# Homemade Cat Condo's, Trees, Super Highway, Runs



## Snowmom (Jan 2, 2015)

Does anyone on here build their own stuff for their cats? Such as cat trees, condo's, super highways(shelves along walls in the house), outdoor enclosures/runs, etc?

If you do, would you be willing to share photos with others? 

I'm building an outdoor enclosure so that my cat can wander from in to out SAFELY without outside dangers, and I'm working on a new cat tree for my main floor(currently only have one large one upstairs) as well as shelves for more vertical space. Would love to see what others have made.


----------



## spirite (Jul 31, 2012)

Well not me - I'm hopeless with tools, and straight lines - but there are several members who've built their own shelters, enclosures, shelves...builder has a spectacular outdoor enclosure, Greenport Ferals and deanna (I can't remember - there's more to her name) have built amazing shelters, to name just the most recent that come to mind. I know several people have done cool shelves on walls as well. If the threads/pics aren't in this forum, then check in Meet My Kitty. deanna's is in the Feral Cats forum.


----------



## bluemilk (Oct 3, 2005)

Sounds neat! What kind of enclosure are you building?


----------



## tezster (Jun 4, 2013)

In the Google custom search bar at the top of the catforum page, do a search for "cat shelves" and "catio" - you'll get a bunch of results of what forum members have done.


----------



## Chirrup (Oct 7, 2014)

I would love to do this for Locke and Auri but we're living in a rented flat just now so no-can-do. Once we manage to get our own house, we're planning on building runs from room to room through the walls and basically making our house a "cat house."


----------



## ThreeCatzGirl (Jan 16, 2009)

*Cat Tree Parts*

I have this in my bedroom for the kitties. 

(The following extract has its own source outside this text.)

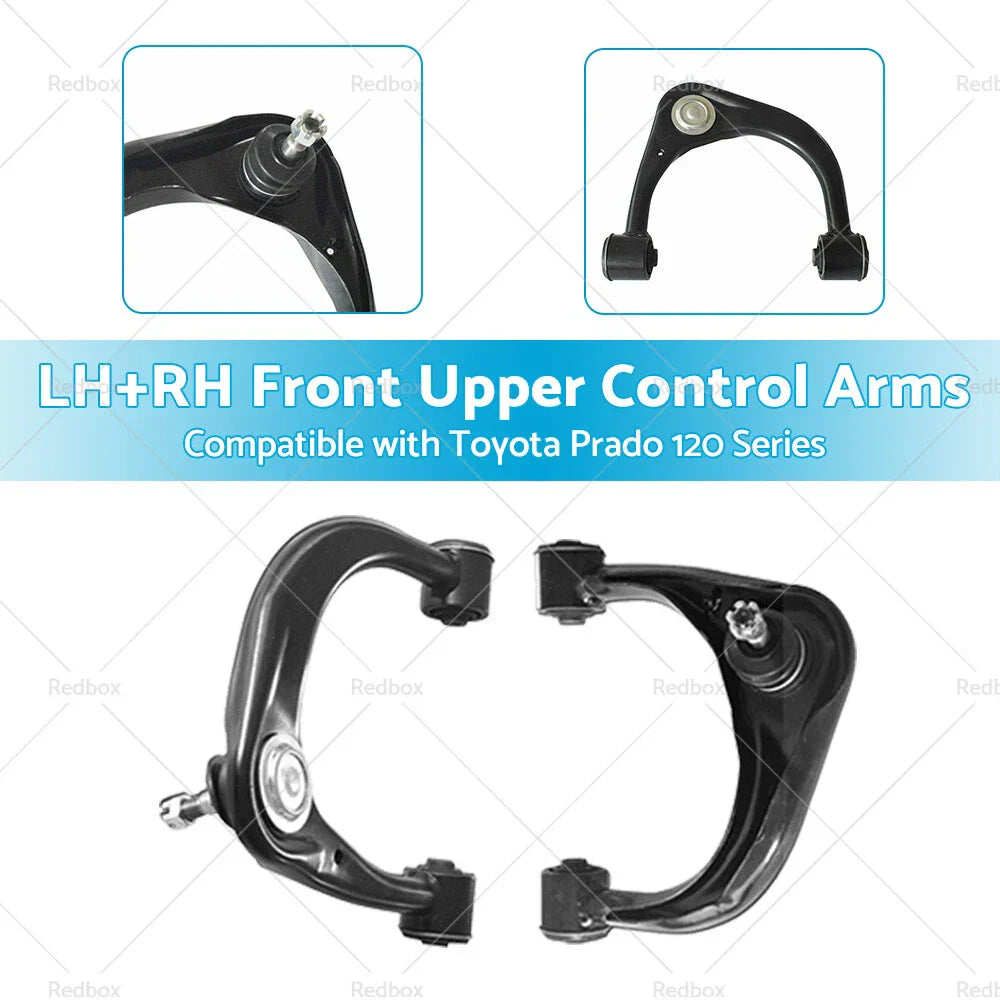 Front Upper Control Arms for Toyota LandCruiser Prado 120 (2003-2009)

B2501 Parts - Armarkat Online Store

My guys have done a good job on *item S *The rope is coming off. So I tied a cardboard scratcher post over the pole for the cats to use instead. Even that is falling apart. 

The pole itself costs $21.00.

I was wondering if it would be easier to buy the rope and just wrap it around and over the pole. But how would I get it to stay in place? monkey glue? I would think a staple gun wouldn't be to safe. maybe I should just spend the money on the new pole?

what do you guys think I should do.


----------



## 10cats2dogs (Jun 16, 2013)

ThreeCatz, 
There's a running thread right now about someone who just built their cats a Cat Condo, Cat Castle! Check it out for some information! 
Sharon


----------



## ThreeCatzGirl (Jan 16, 2009)

looks like my new thread got added to this thread. hmmmm...


----------